The results for the initial drifts of iGrav29-iOSG23, iGrav30-iOSG23 and iGrav31-iOSG23 are plotted in Fig. 14 ( where arrows show the initialization events) along with the residual gravity signal for iOSG23 calculated with a tidal model and corrected for its exponential and linear drifts from Table 6 . Long-period tides, polar motion and hydrology are not corrected for, so they appear clearly on the iOSG23 residual signal but they do not appear on the difference signals. The difference drift curves are very smooth since all the unmodelled signals that show up in the iOSG23 curve are eliminated in the iGrav29, iGrav30 and iGrav31 difference curves.
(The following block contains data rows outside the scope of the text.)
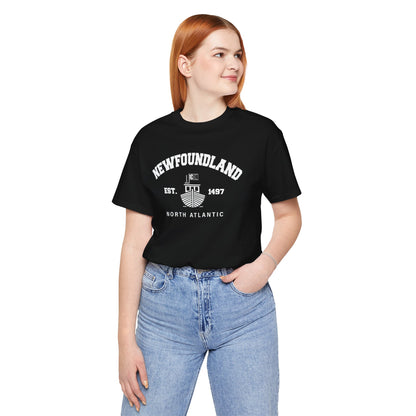 Newfoundland Vintage Graphic Tee - Unisex Short Sleeve Shirt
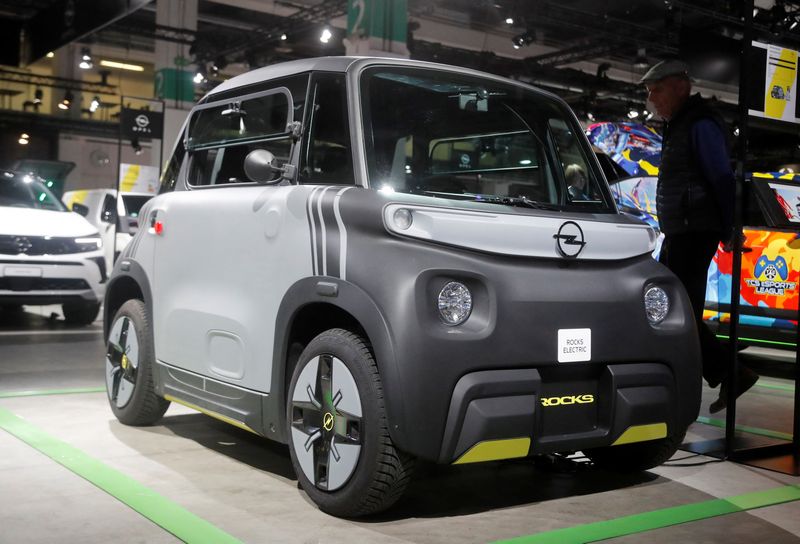 &copy; Reuters. FOTO DE ARCHIVO-Un automóvil eléctrico Opel Rocks-Electric en el Salón del Automóvil de Zúrich 2022 en Zúrich, Suiza. 10 de noviembre de 2022. REUTERS/Arnd Wiegmann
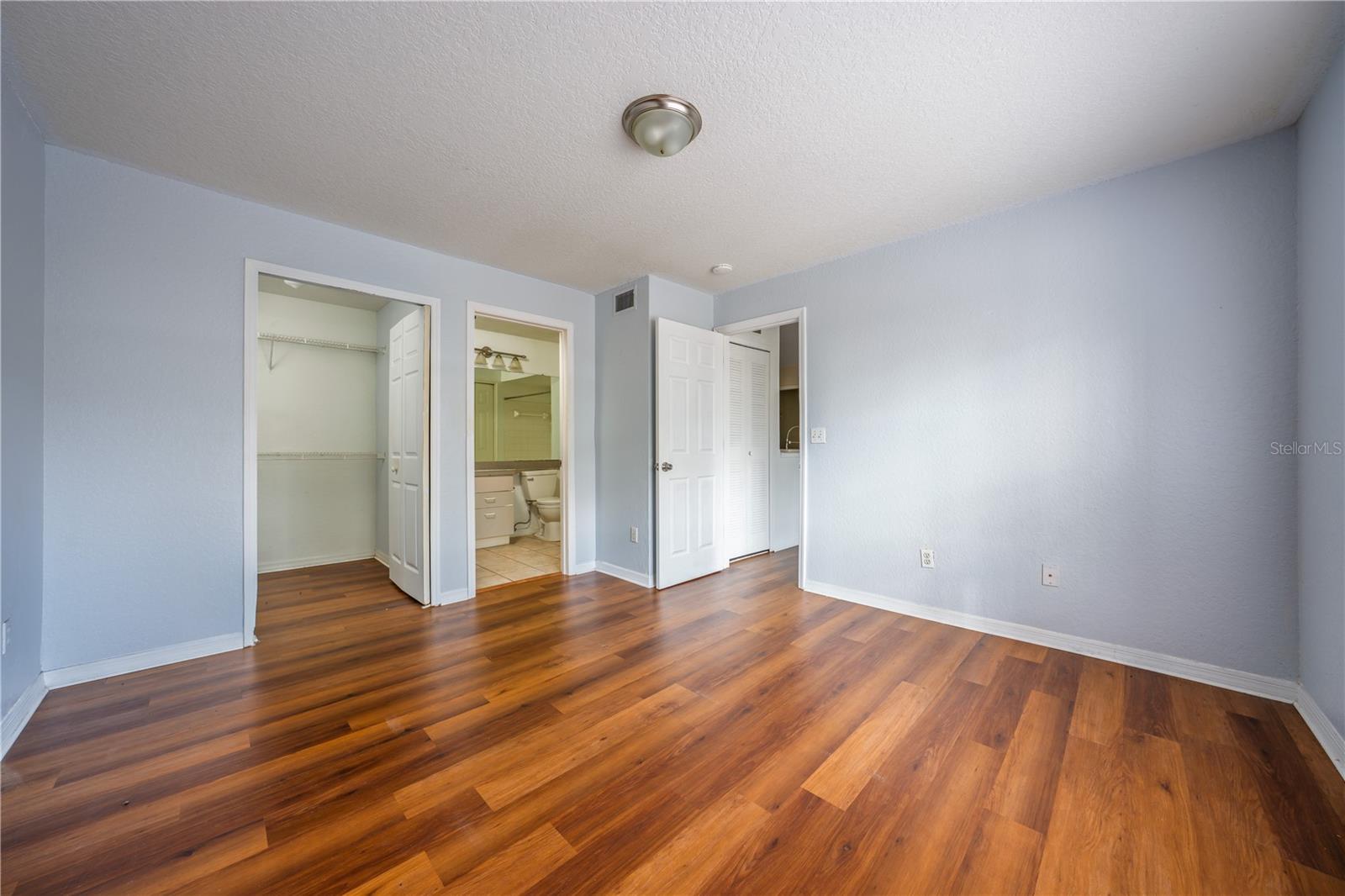 SAND LAKE PRIVATE RESIDENCES CONDO - Residential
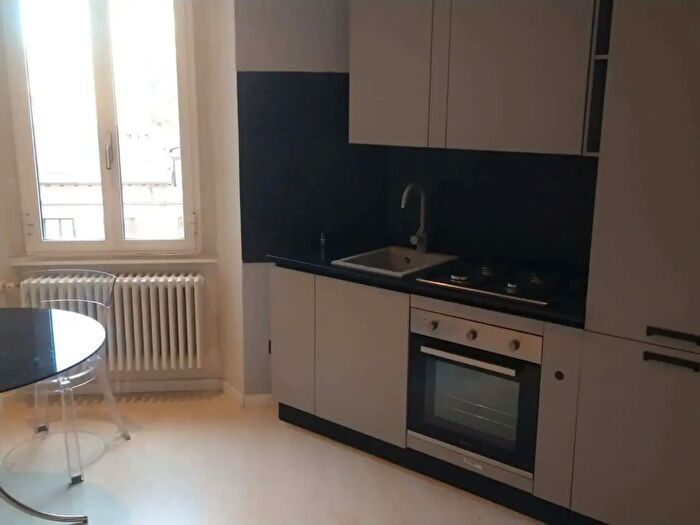 Appartamento monolocale in affitto in Via Sebenico, Milano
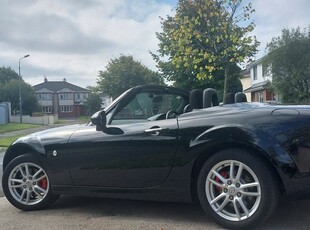 2010 - Mazda MX-5 ---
It is not possible to measure such drifts with this high precision without using a reference SG. Figure 15 shows the Body temperature data over the same time period as shown for the gravity data in Fig. 14. There are several features on these data that stand out. In Fig. 14 , a negative drift is observed immediately after the first initialization of iGrav29 in July 2016 (red line). After the second initialization in October 2016, the residual drift for iGrav29 looks reasonable at first, but after about 180 days it turns into a negative drift rate of about -51.9 nm/s 2 /year which was observed for the next 2 years (green line). We also observe increasing noise levels in both iGrav29 and iOSG23 at the start of this negative drift period. This is likely from build-up of ice in neck of iGrav29. In contrast to Fig. 14 , all the Body-T drifts in Fig. 15 are smooth curves in the positive direction. The only uncertainly in the Body-T data is the offset that occurs in the iGrav29 Body-T after the October 2019 re-initialization. This is most likely a problem with the thermometry circuitry measuring the Body-T but this remains unproven.

We separate the data into three sections to model the drift curve function according to Eq. 1 and to examine the correlation between the gravity residual and Body-T. The present section includes the July Figure 16 shows the data from July 28, 2016 to March 5, 2017 in more detail. These data include two specific time spans: a first one that lasted about 75 days after the installations on July 28, 2016; a second one that lasted 219 days after the re-initializations of iGrav29 and iGrav30 and the low temperature annealing of iGrav31 (that occurred on October 23, 2016). The data for iGrav31-iOSG23 are the same as in Fig. 14. However, before fitting the data for iGrav29-iOSG23 to Eq. 1, they must be corrected for its negative drift. Otherwise, the negative drift will interfere with the fitting parameters for the longer-term exponential functions. A decision was also made to correct iGrav30-iOSG23 for the same negative drift since it appears that the iGrav30-iOSG23 data was also beginning to trend negative in Fig. 16 . With these corrections made, the drift curves for all 3 iGravs are similar for the last 100 to 150 days of Fig. 16 . There is a striking difference between the gravity difference data of Fig. 16 and the Body-T data of Fig. 17 in that the Body-T curves behave continuously across the October 2016 re-levitation while there is a discontinuity in the gravity differences after the October 2016 levitation in terms of generation of a new initial drift. This is slightly misleading since rapid drifts do occur in the Body-T data immediately after the initialization procedures, for example for iGrav29 Body-T rapid drifts of about 50 to 70 mK occur at the beginning of both the July and October installations; however, since they last less than 1 h, they are removed by the filtering and decimation process. Corresponding drifts occur in the gravity differences, but these are difficult to observe since they occur during the initialization procedures. Nonetheless, the long-term Body-T rapidly returns to its previous functional form as displayed in Fig. 17 .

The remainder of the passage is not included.